CHRONIQUE DES SALONS ET DES GRANDS CHEMINS.

Depuis un mois, Paris joue aux quatre coins avec la province et avec l'Europe. Ses habitants quittent leur bonne ville par bataillons, et les étrangers y accourent par compagnies. Chaque train de plaisir emmène des centaines de Parisiens au Havre ou à Lille, et ramène à Paris des centaines de provinciaux, d'Anglais ou d'Allemands.

Ce sont les Angevins qui ont donné l'impulsion. Ils sont partis en si grand nombre, qu'il a fallu suspendre, en leur absence, les spectacles, les audiences et les soirées. Les beaux quartiers d'Angers ont été dépeuplés littéralement. En revanche, les salons, les théâtres et les monuments de Paris ont regorgé, plusieurs jours, des flots de cette émigration. Que d'histoires à conter au retour sur les bords de la Loire ! En voici une qui fera du bruit dans Landernau.

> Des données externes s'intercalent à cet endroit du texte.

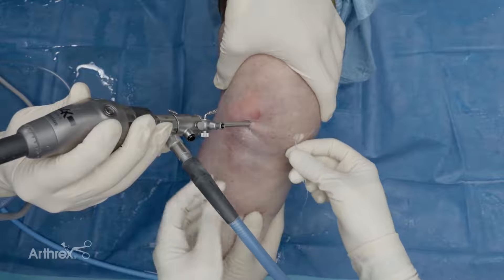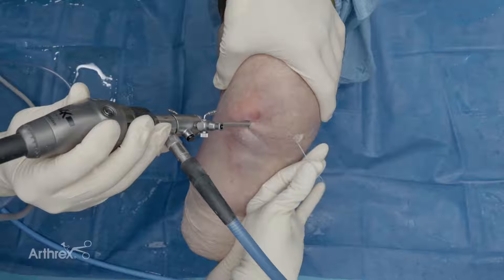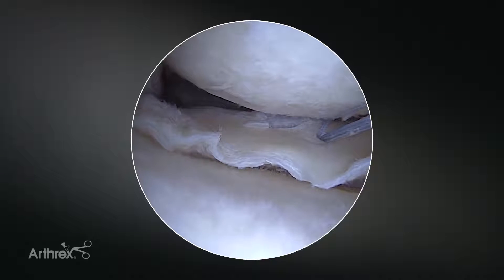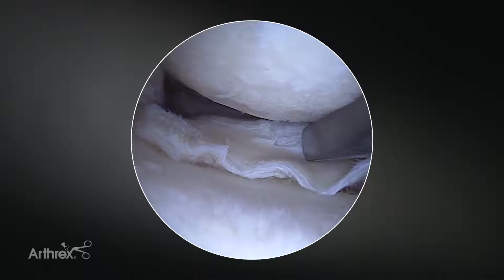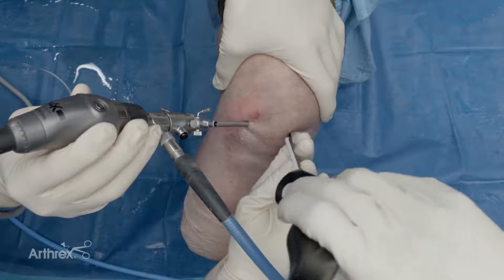I'm going to grab all of them together and just gently pull to set the anchor initially. Then I'm going to take a clamp and clamp them all together and leave it. So when I come in with my sled for the subsequent stitch, you can see the benefit of starting peripherally and working more centrally, because that stitch is now out of my way. I'll come in with the second implant.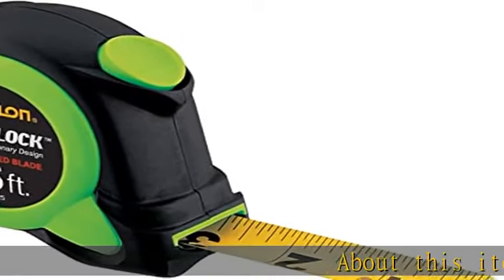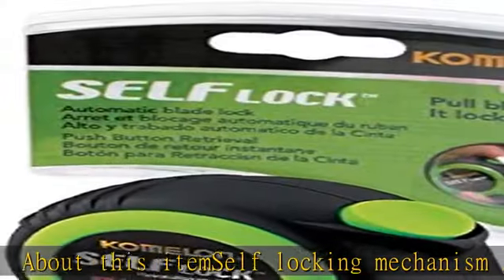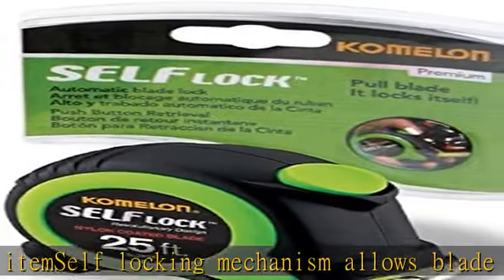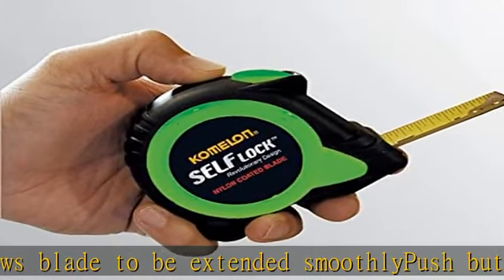About this item: self-locking mechanism allows blade to be extended smoothly, push button allows blade to be retracted smoothly, nylon coated blade for maximum durability, impact resistant rubberized case. See more product details in the description to get this product today at the best price.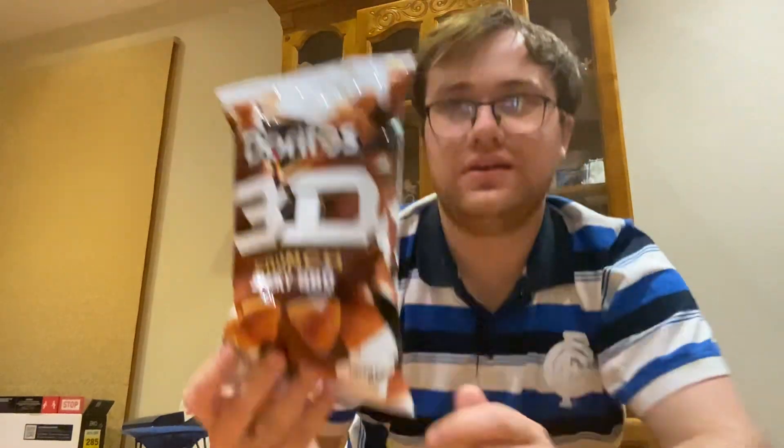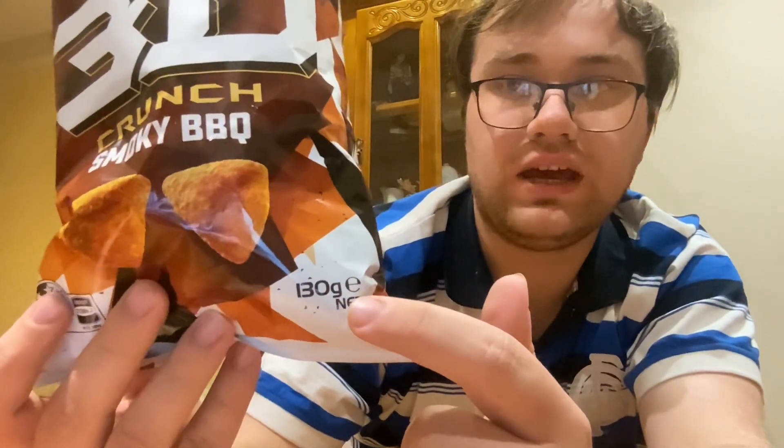There's 130 grams net of Doritos. I like it, but I don't like smoky barbecue — I've never had it before. I had the original one before it came out last year. There's a link in the description down below. So let's move on to the review of Doritos 3D Crunch Smoky Barbecue. I don't even like smoky barbecue sauce, but I might give it a try.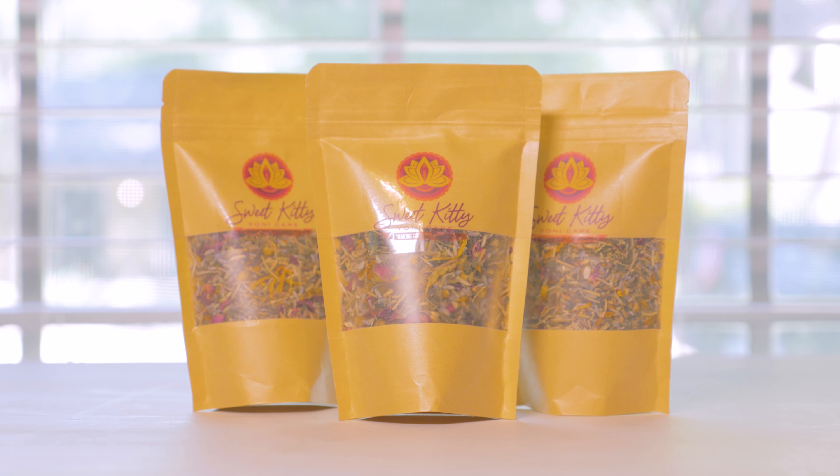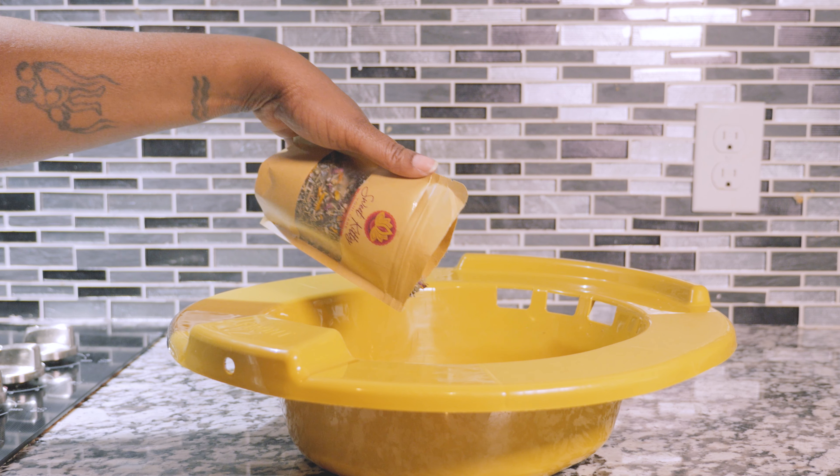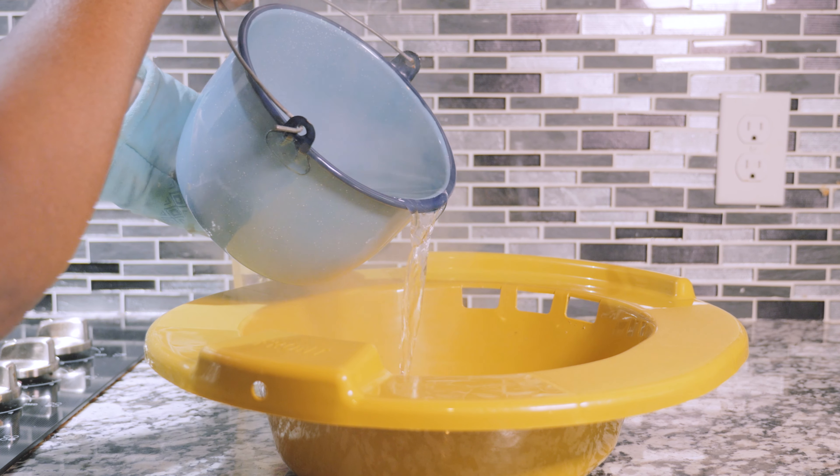Tear open your resealable Sweet Kitty Yanni V-Steam Pack. You only need one-fourth cup of herbs and 6 cups of water. Less is more — you don't want to burn your bum.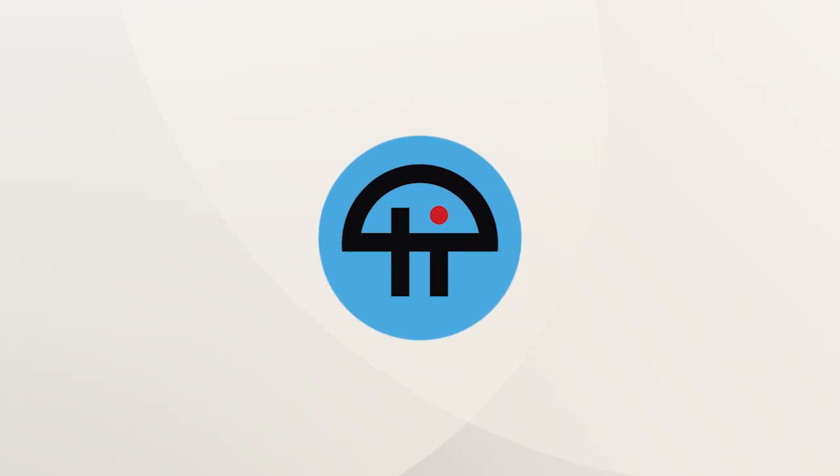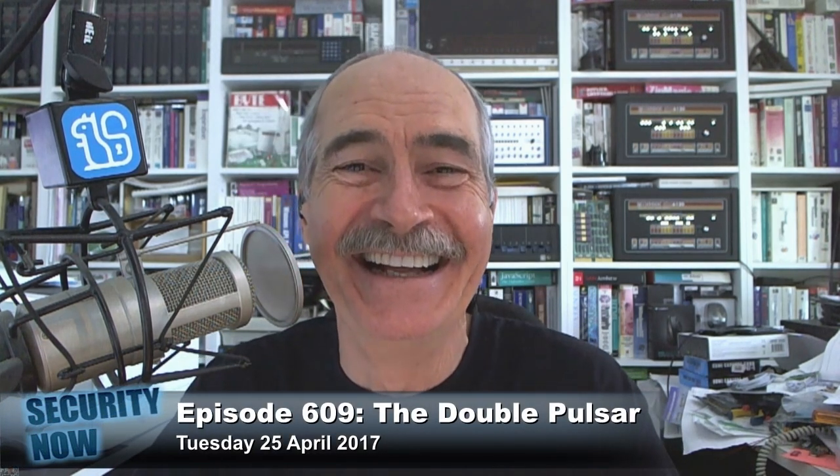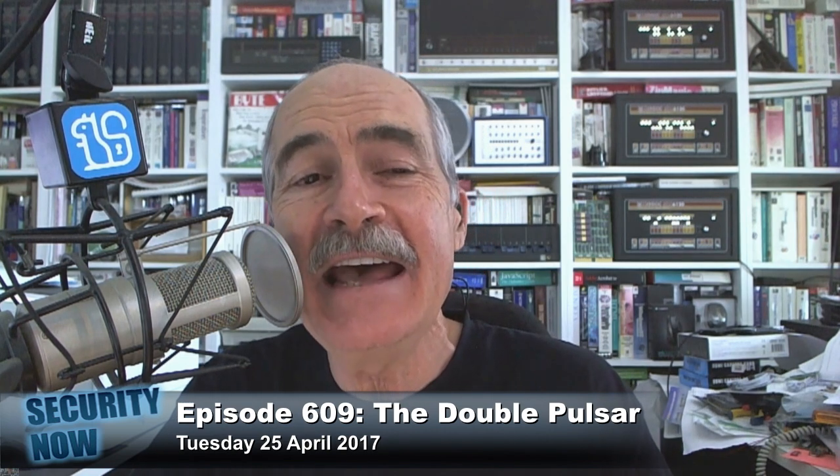This is TWiT. This is a bad idea. We haven't done a 'they're doing it wrong' in a while. Well, this is 'they're doing it dumb,' at least. The headline on the MasterCard press release reads: Thumbs up! MasterCard unveils next generation biometric card.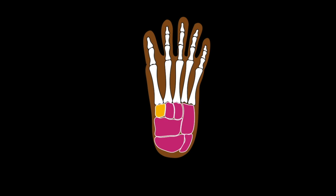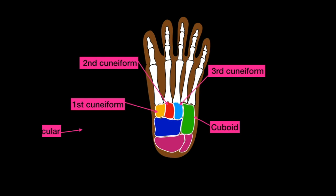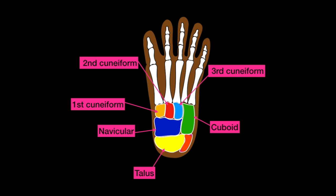Finally, let's talk about the tarsal bones. The first one is called the first cuneiform, the second one is called the second cuneiform, the third one is called the third cuneiform, the fourth one is called the cuboid, the fifth one is called the navicular, the sixth one is called the talus, and the last one is called the calcaneus.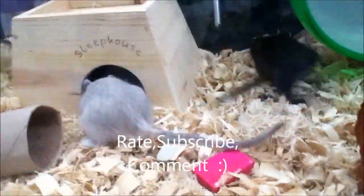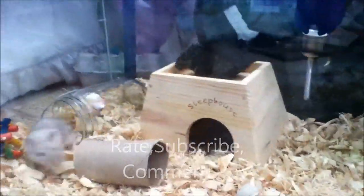Thanks for watching how to clean a gerbil's cage. Like, subscribe, comment — all that good stuff. Bye!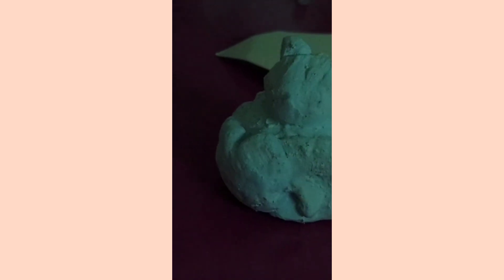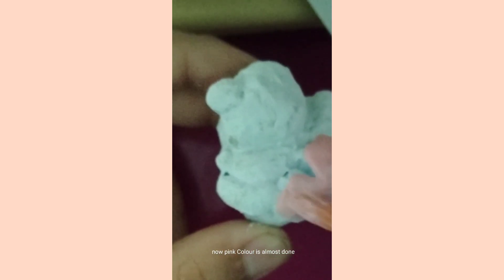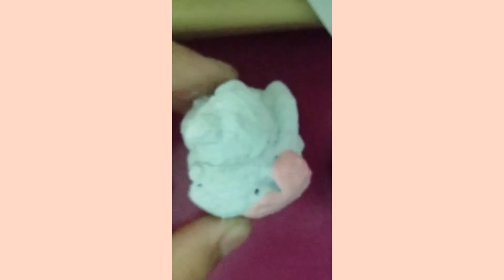UOLO! Now let's apply light pink color. Now pink color is almost done. Now we need to outline.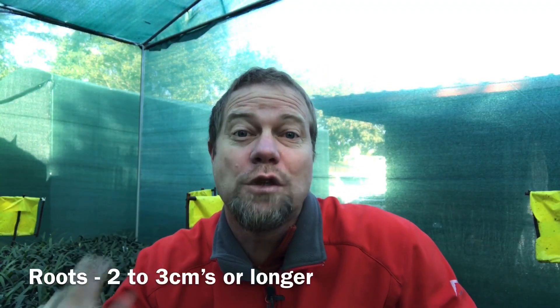What I do is if I peek into my germination boxes and I see there are seeds that are busy lifting up slightly, then I will take a small teaspoon, go below them, lift them up, and if I see those roots are about two to three centimeters or longer, then I know that they are ready to be planted out, regardless of whether they've got leaves or not.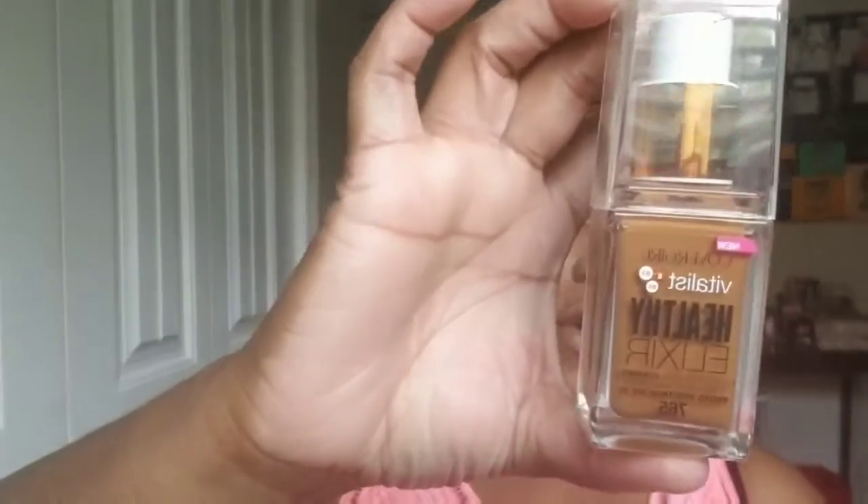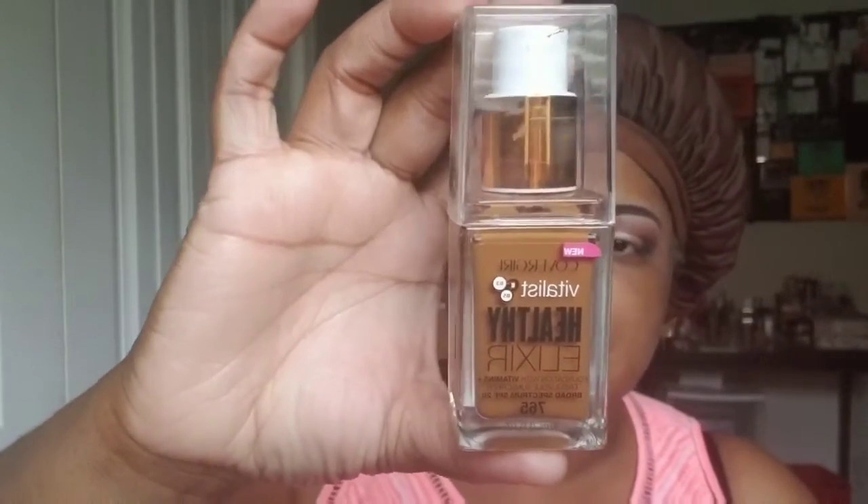The foundation I'm using this week is the Cover Girl Vitalis Healthy Elixir in the shade Tawny. I can tell you now because I've already used it that the color match is not spot on, and I am going to have to manipulate the color — basically just highlight and contour to make it look better.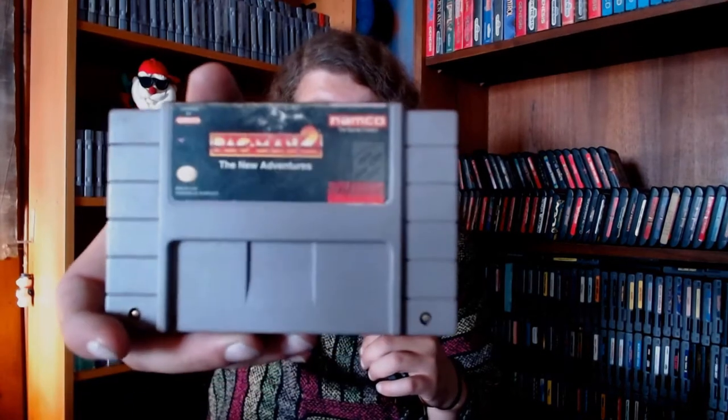You need a cartridge to play the Superdisk, and the one I mostly use — the only time I ever use this cartridge, because I hate this game — is Pac-Man 2: The New Adventures. So screw you, Pac-Man. I hate your guts.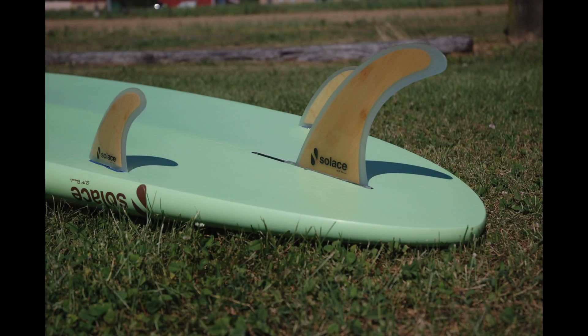This picture shows a three-fin setup, sometimes called two-plus-one, or technically a thruster setup. This is probably your most popular. Some boards, when you get a little more performance-oriented, can have a five-fin setup, or you could just have a single fin, depending on what you want the board to do.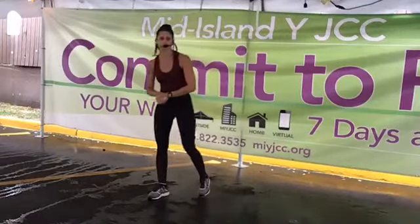All right, good morning. Welcome to Live with Joy. Good morning, people virtually coming on — they'll come on in just a few moments.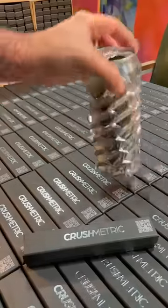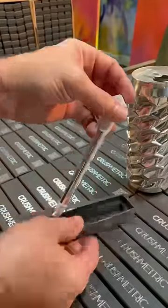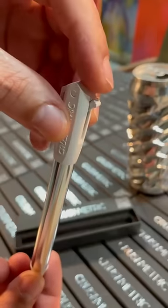I want to give a closer look and answer some questions about the Crushmetrics switch pen. I'm Noah Deletta. The switch pen is new and it's based on my artwork.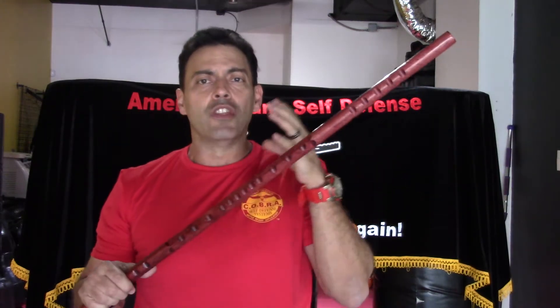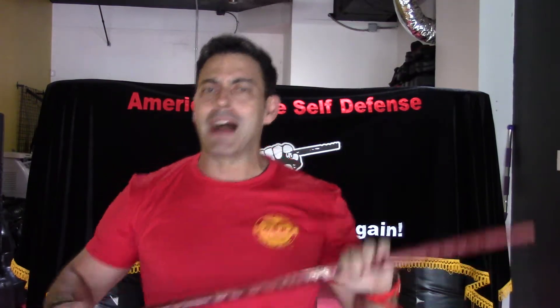This is a departure from what you're used to getting with ACSD Tactical — the big, bad, heavy, chunky canes designed to withstand the impact of baseball bats and lead pipes. This is for a different purpose altogether.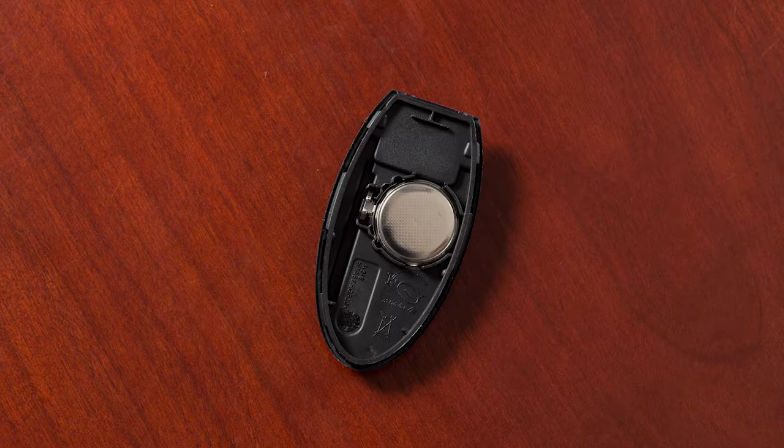Gently place the new battery into the Intelligent Key with the negative side oriented in the same direction you noted during removal.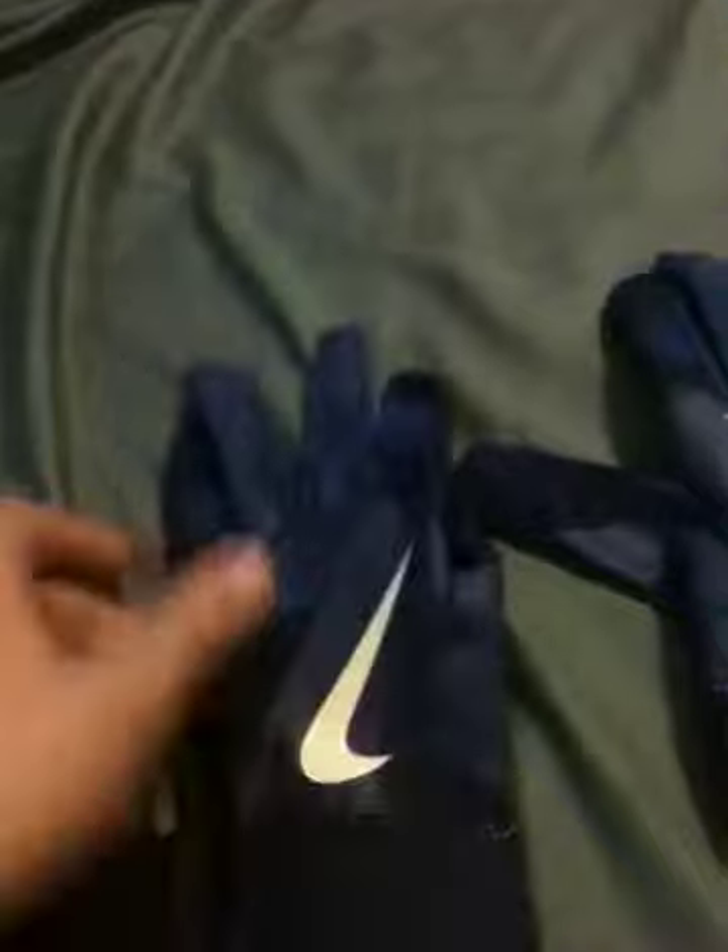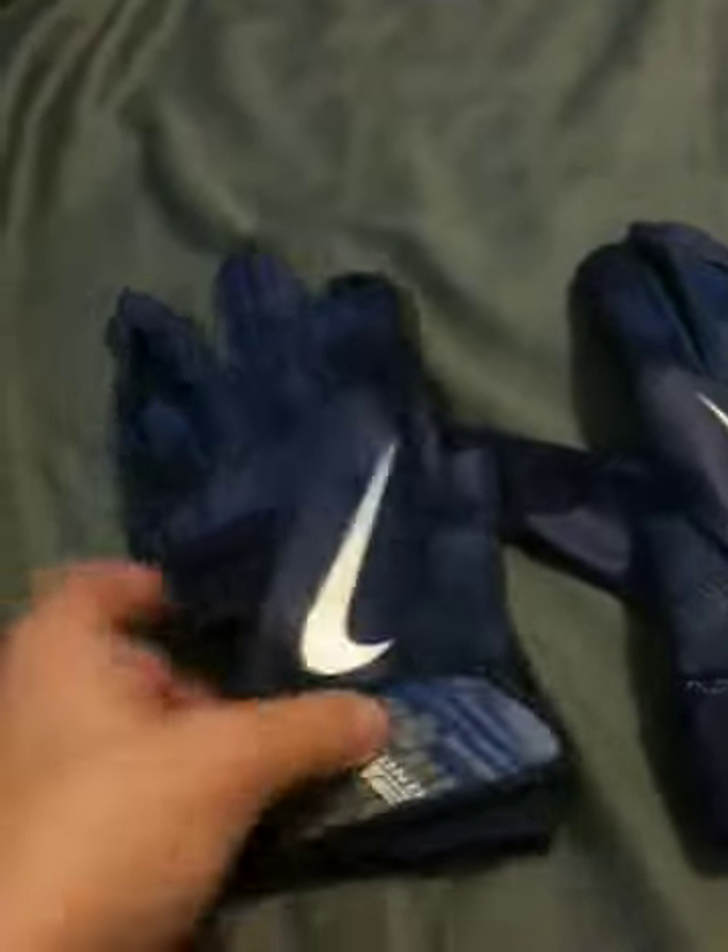Hey guys, Jake for Baseball here doing a review of my new batting gloves. I got the Nike Diamond Elite Pro batting gloves.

Une dame angevine, accompagnée de son mari, visitait l'hôtel des Invalides. Un petit vieillard, sergent, amputé, très-vif, très-propre, très-causeur, leur servait de cicérone et conduisait en même temps une dame étrangère qu'accompagnait aussi son mari. Quand la visite fut terminée, cette dernière fouilla dans sa poche et tira sa bourse; mais la dame angevine, devinant sa pensée et par une inspiration du cœur, offrit au vieillard un magnifique bouquet qu'elle tenait à la main. A ce mouvement, l'invalide fut saisi d'une telle émotion, que de grosses larmes coulèrent de ses yeux; alors, s'adressant au mari et souriant à travers ses larmes : - Vous n'êtes pas jaloux? dit-il avec une exquise bonhomie.

Un de nos plus spirituels collaborateurs, qui fait en ce moment le voyage de Londres, racontera bientôt aux lecteurs du Musée des Familles les joies et les ennuis, les péripéties et les fatigues du train de plaisir. En attendant, le chemin de fer et le paquebot nous apportent d'outreManche des nouvelles qui intéressent Paris.

C'est le triomphe de M. Scribe et de M. Halévy, l'auteur et le compositeur de l'opéra la Tempéte, imité de Shakspeare, et joué au théâtre de la Reine par la comtesse de Rossi et le signor Lablache. Ce dernier obtient un succès-monstre, sous la peau velue de Caliban. Les bravos, les rappels et les bank-notes retentissent et pleuvent aux pieds de MM. Scribe et Halévy. On leur donne des ban

quets comme à des aldermen. L'aristocratie anglaise lem prodigue les hommages, les petits soins et les délicatesses.

C'est encore un mariage qui eût inspiré trois pages étourdissantes à Mme de Sévigné; le mariage de miss Burdett Coutts, la plus riche héritière des trois royaumes, avec le célèbre Cabrera, l'ancien général de don Carlos, Ce modeste héros a été préféré à des millionnaires et à des princes, qui soupiraient des quatre points de l'horizon.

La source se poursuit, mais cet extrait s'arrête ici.